MOF expects this review to be completed by the end of the 2022 financial year.

Second, it said that the Public Service Division — as the central human resource agency — will improve its efforts in supporting frontline agencies during emergencies.

“This includes providing central guidance on the governance of human resource for frontline operations; and leading the coordination of surge manpower and human resource operations,” MOF added.

Finally, it will be issuing an advisory note to all public agencies to improve the adoption of good practices and to minimise financial risks during emergencies.

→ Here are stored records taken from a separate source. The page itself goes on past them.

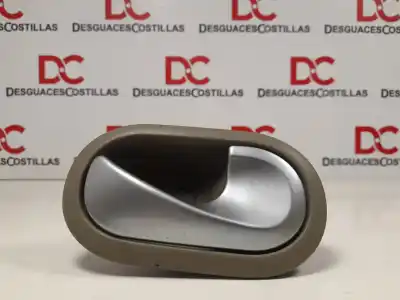 Gebrauchtes Autoersatzteil innerer hinterer rechter griff zum renault clio iii emotion oem-iam-referenzen 8200310580  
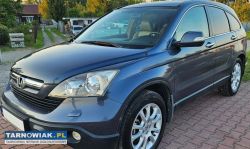 Honda cr-v iii 2.2 2008 - Obrazek 2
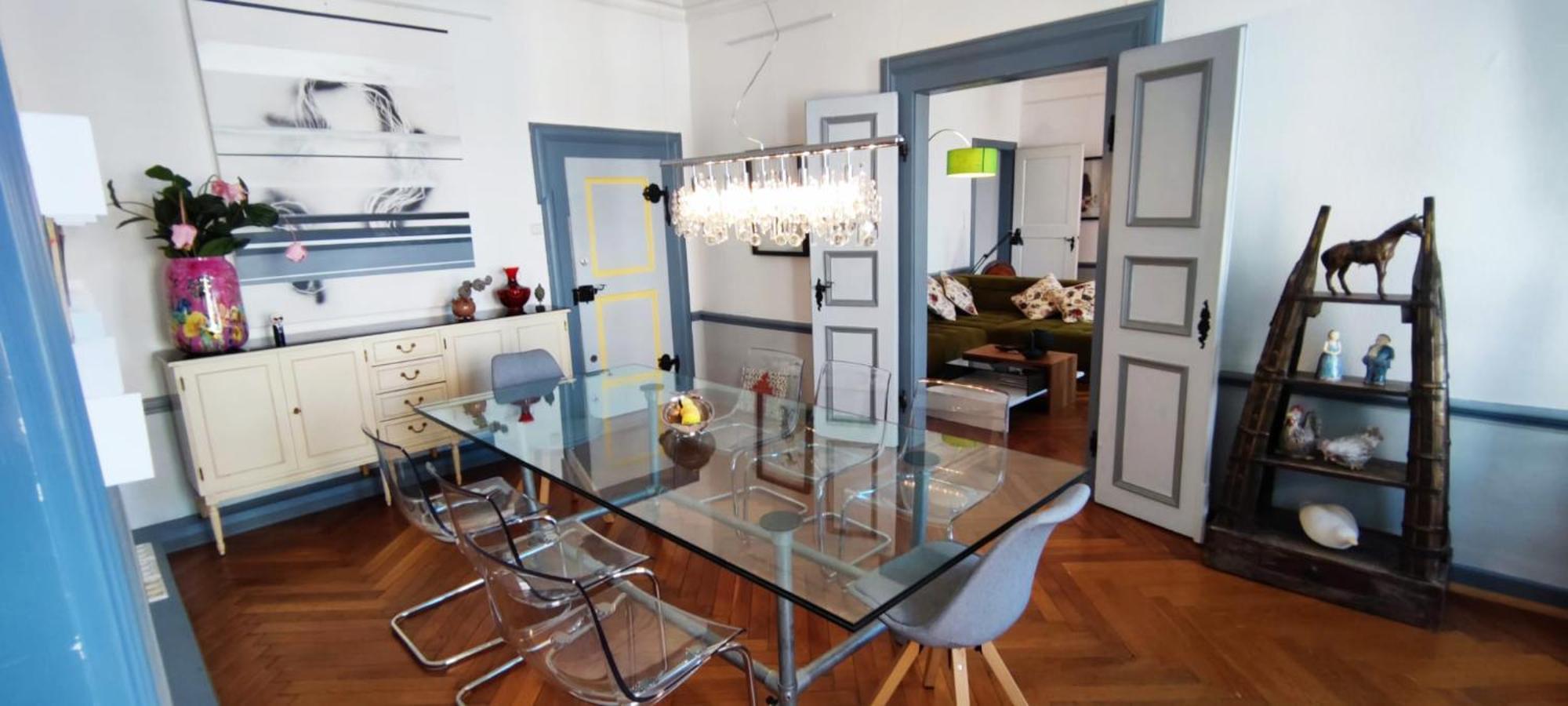 Designwohnung Am Schloss *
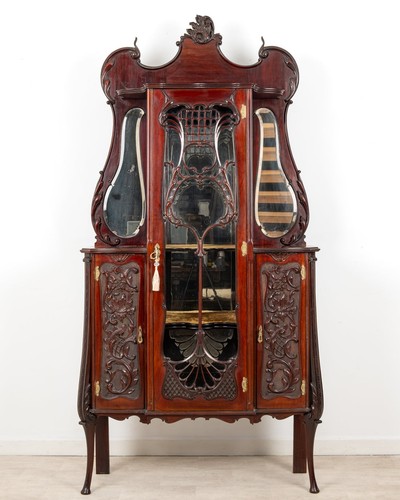 Antique victorian carved - victorian,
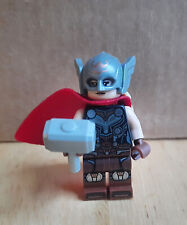 Lego: Mighty Thor 242318 Marvel Super Heroes 2023 - Lego magazine minifig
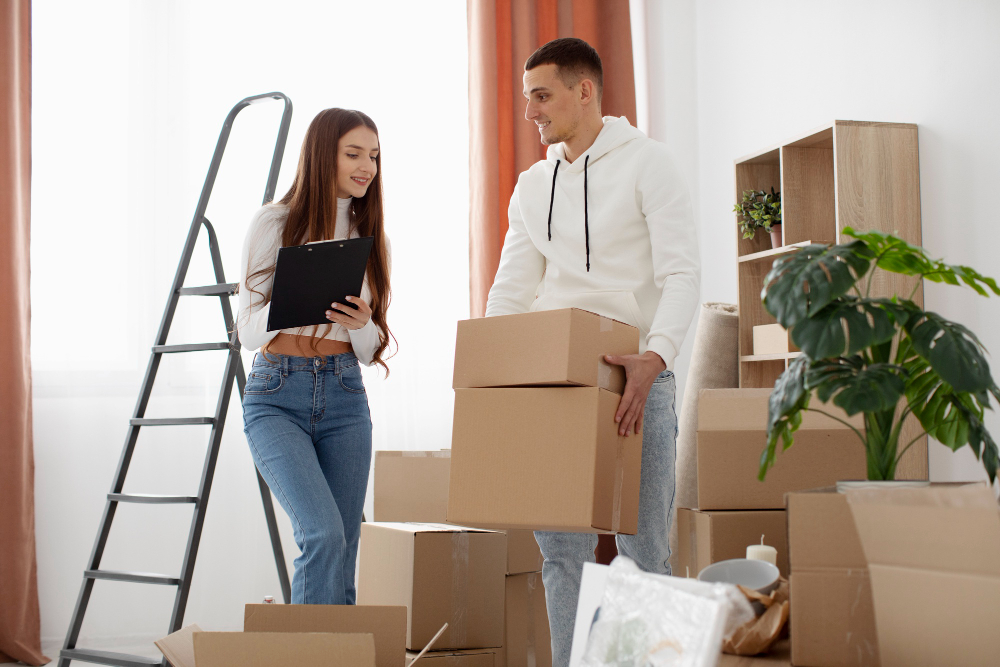 Last-Minute Movers in New York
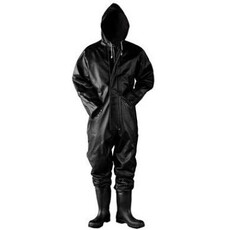 DOLFING riooloverall zwart+laars S5 4.26.02, 44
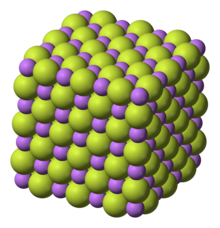 Lithium fluoride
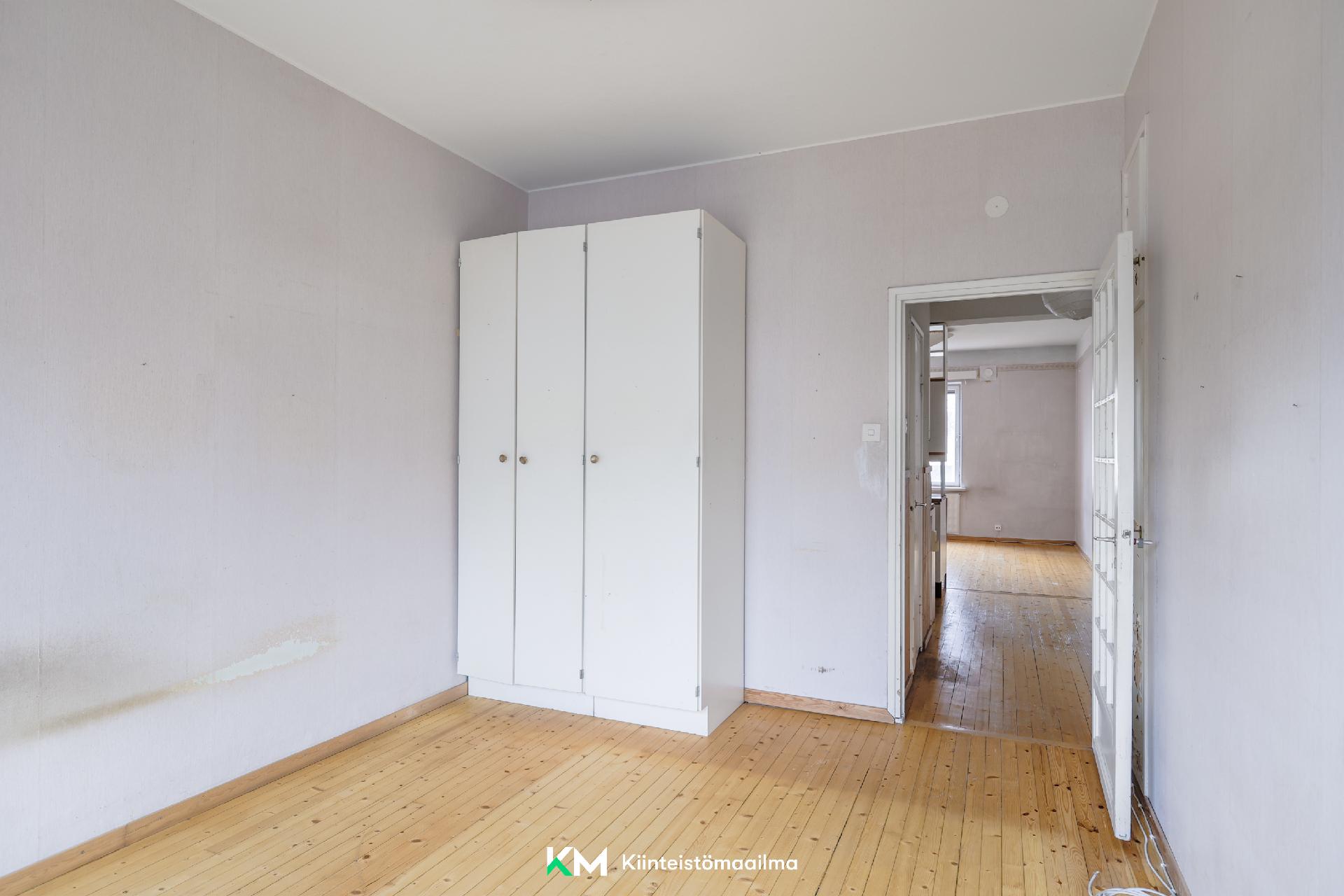 Haahkatie 10, Lauttasaari, Helsinki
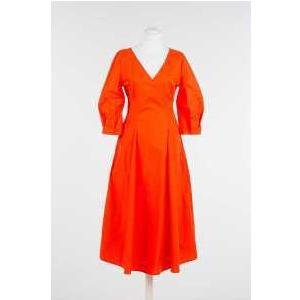 DRESS - SCARLET IBIS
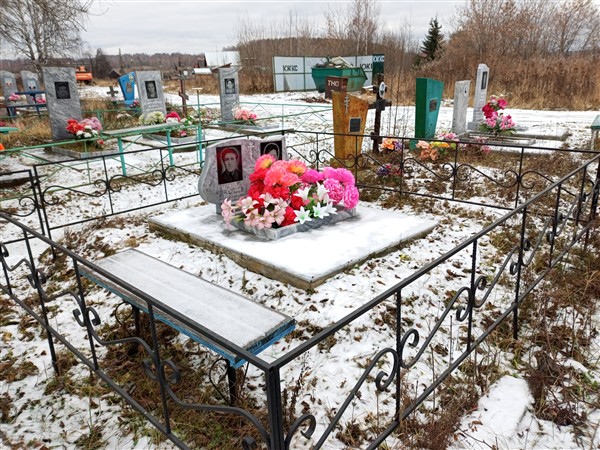 Михалева Клавдия Сергеевна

This will include better supervision and documentation of decisions, such as approvals and adjustments across the life cycle of a transaction.

WHAT HPB, SLA AND MOM SAY

HPB, SLA and MOM said in a joint-statement that they acknowledged the observations made by AGO.

They added that the Covid-19 pandemic was “unprecedented in the scale and speed of its spread” and they had to act decisively to protect Singaporeans.

This meant that they had to quickly pivot from “business-as-usual operations to crisis mode”, including taking on new and extra responsibilities in a highly uncertain operating environment.

For instance, MOM said that aside from containing the Covid-19 outbreak in the migrant worker dormitories and taking care of the residents’ well-being, it had to step up support for dormitory operations that were previously managed by the private sector.

As a result, the number of new contracts for goods and services that it had to procure within five months surged nearly 10-fold to 607, while the total value of these new contracts surged 13-fold to S$700 million.

As for HPB, it said that it took on the responsibility to oversee the delivery of Covid-19 tests nationally.

To do so, 5,100 swab personnel had to be hired and trained within three months — a workforce that represented more than six times HPB’s total pre-pandemic manpower strength.

SLA said that it had to quickly adapt to its added role of procuring, preparing, administering and managing premises to be used mainly as quarantine, isolation, recovery or temporary dormitory facilities for people affected by Covid-19.

As the number of Covid-19 cases rose rapidly, the stock of accommodation facilities needed increased in tandem and SLA had to react quickly within tight timelines.

All three entities said that they have since taken immediate steps to rectify the lapses highlighted by AGO and to prevent them from recurring.

As a means to improve controls over their respective procurement and contracting processes, the three said that they will improve their ability to manage a surge in the volume of procurement during emergencies, by reviewing their emergency procurement procedures.

“These will have strengthened controls and processes to cater for urgent operations, while adhering to the Government’s procurement principles,” they said in the statement.

To address HPB’s need to improve its documentation processes, the agency has now formalised the need for written agreements with all external partners as good practice, even in times of extreme urgency and for services provided at no charge.

MOM and SLA have identified officers to be trained in enhanced emergency procurement procedures to improve their ability to manage a surge in the volume of procurement during emergencies.